A font of character images of the character recognition results is not particularly limited. For example, the font can be one which is the same as or similar to a font of corresponding characters in a document image. Alternatively, the font can be freely set by a user. Also, a display size of character images of character recognition results is not particularly limited. For example, the display size can be substantially the same size as a size of corresponding characters in a document image, or can be smaller. The display size can be freely set by a user.
The image composition section 53 generates composite image data by combining image data read out from the storage section 23 with the color text data generated by the chromatic text generation section 52, and outputs the composite image data to the display control section 42. Specifically, the image composition section 53 superimposes the color text data on the document image data so that the character images indicated by the color text data may be displayed in the vicinity of corresponding images of characters in the document.
For example, as shown in FIG. 10, a position of each character image corresponding to the character recognition results is (i) shifted in a main-scanning direction, from a position of a corresponding character in the original document image, by approximately ½ of a width, along the main-scanning direction, of the corresponding character, and (ii) shifted in a sub-scanning direction by approximately ½ of a width, along the sub-scanning direction, of the corresponding character. Alternatively, the position of the character image can be shifted only in the main-scanning direction or only in the sub-scanning direction. A distance of the shift is not limited to approximately ½ of a width of a character. For example, the distance can be a distance corresponding to a predetermined number of pixels, or can be a predetermined distance.

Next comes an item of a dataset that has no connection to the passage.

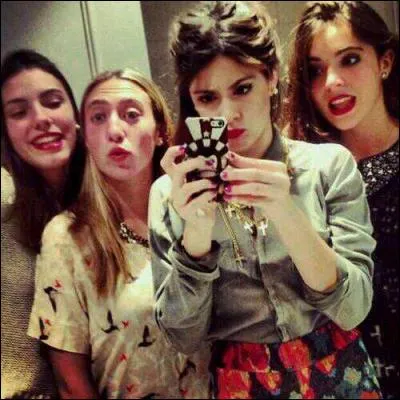 Laquelle de ces personnes n'est pas amie avec Tini ?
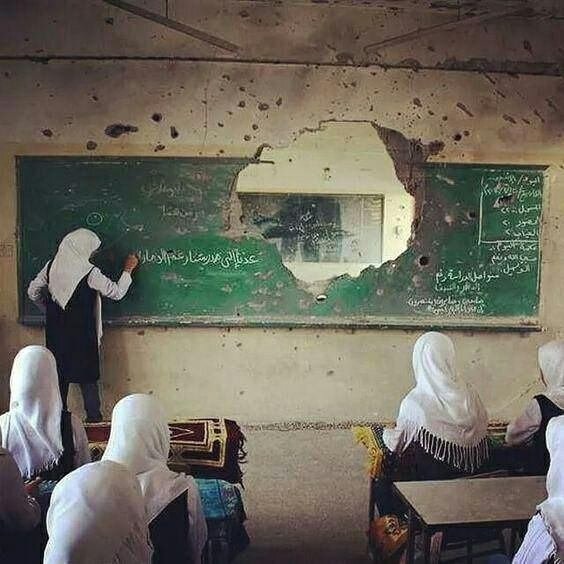 عکس | یک مدرسه معمولی در سوریه!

It can be arranged such that a screen image for prompting a user to enter a shift amount of a character image corresponding to a character recognition result is displayed on the display section of the display device 7 or on the display section of the operation panel 6, and, in accordance with a user's response to the screen image, the amount is set. For example, the display control section 42 (mentioned later) causes a screen image in which the character recognition results are superimposed on the document image to display a message prompting a user to enter whether to change display positions of the character recognition results. In a case where the user chooses to change the display positions, boxes are displayed in which shift amounts (e.g., a length (unit: mm)) are entered by which the character recognition results are shifted in upward or downward, and leftward or rightward directions. In the example illustrated in FIG. 11, with reference to displayed positions, the user enters positive numbers in the boxes in the case of shifting in the rightward and downward directions. In the case of shifting in the leftward and upward directions, the user enters negative numbers in the boxes. It can be arranged such that a message explaining this is displayed in the vicinity of the boxes in which the shift amounts are entered, and the user enters desired numbers from the operation panel or the like.

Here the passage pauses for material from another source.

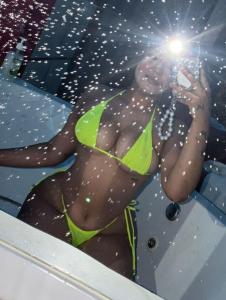 656634424: Chica busca chico en Valencia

The display control section 42 causes the display device 7 to display an image in accordance with composite image data generated by the image composition section 53. It can be arranged such that the image composition section 53 temporarily stores the composite image data in a memory (not illustrated) and the display control section 42 reads out the composite image data as needed so as to cause the display device 7 to display the composite image data.

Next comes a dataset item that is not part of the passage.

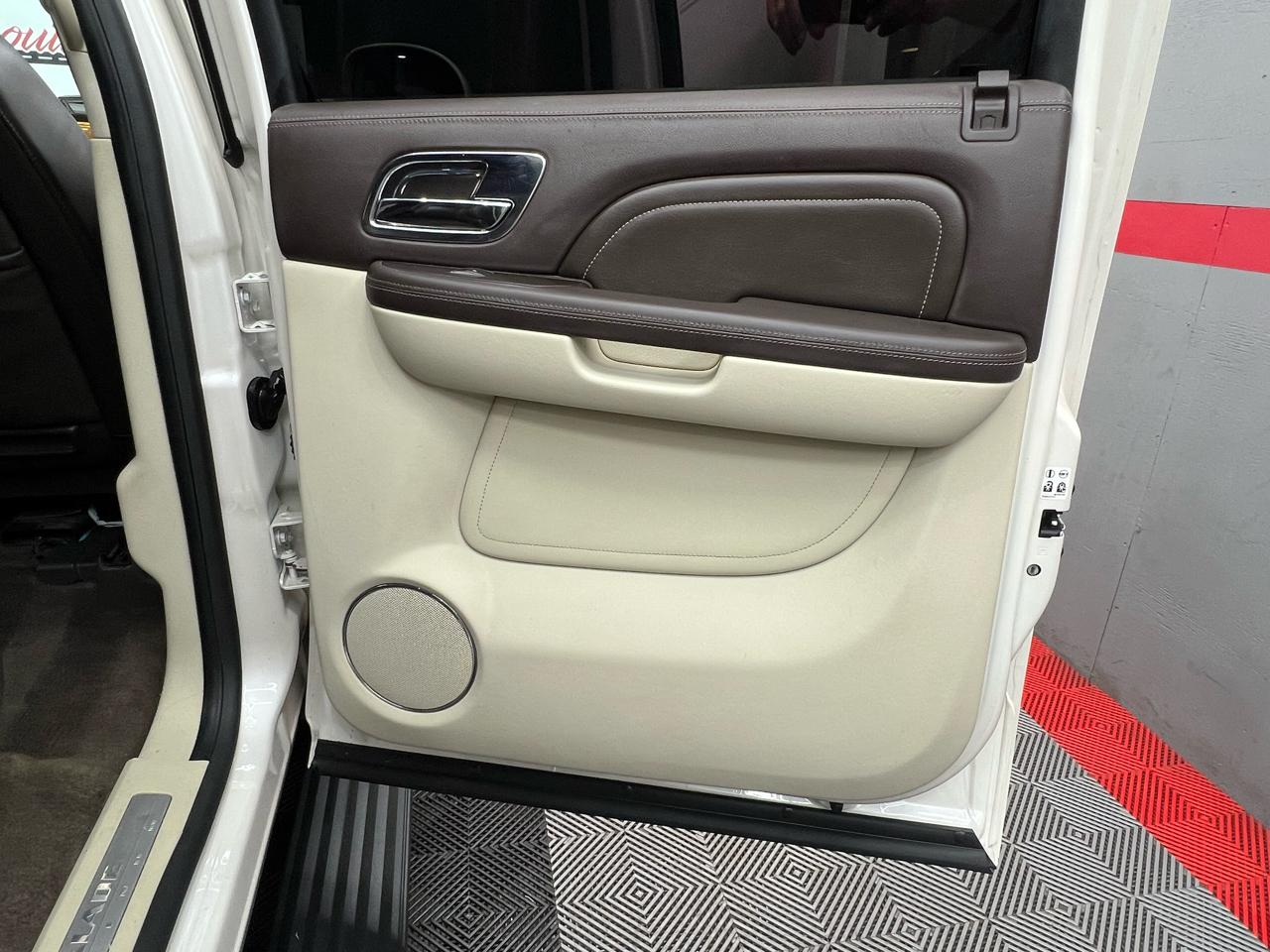 Cadillac Escalade ESV 2WD Platinum 2013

In order that the whole document image may be displayed on the display screen of the display device 7, the display control section 42 may carry out processes such as thinning pixels out in accordance with a size, resolution, etc. of the display screen. A method for thinning pixels out is not particularly limited. For example, it is possible to adopt the following methods: (1) a nearest neighbor method (a method in which a value of an existing pixel nearest to a pixel to be interpolated or a value of an existing pixel having a predetermined positional relation with the pixel to be interpolated is employed as a value of the pixel to be interpolated), (2) a bilinear method (a method in which an average of values of four existing pixels surrounding a pixel to be interpolated is found in such a manner that the values are weighted in proportion to respective distances from the pixel to be interpolated, and the average is employed as a value of the pixel to be interpolated), and (3) a bicubic method (a method in which interpolation calculation is performed by using values of 16 pixels which values are made up of values of four pixels surrounding an interpolating pixel and values of 12 pixels surrounding the four pixels).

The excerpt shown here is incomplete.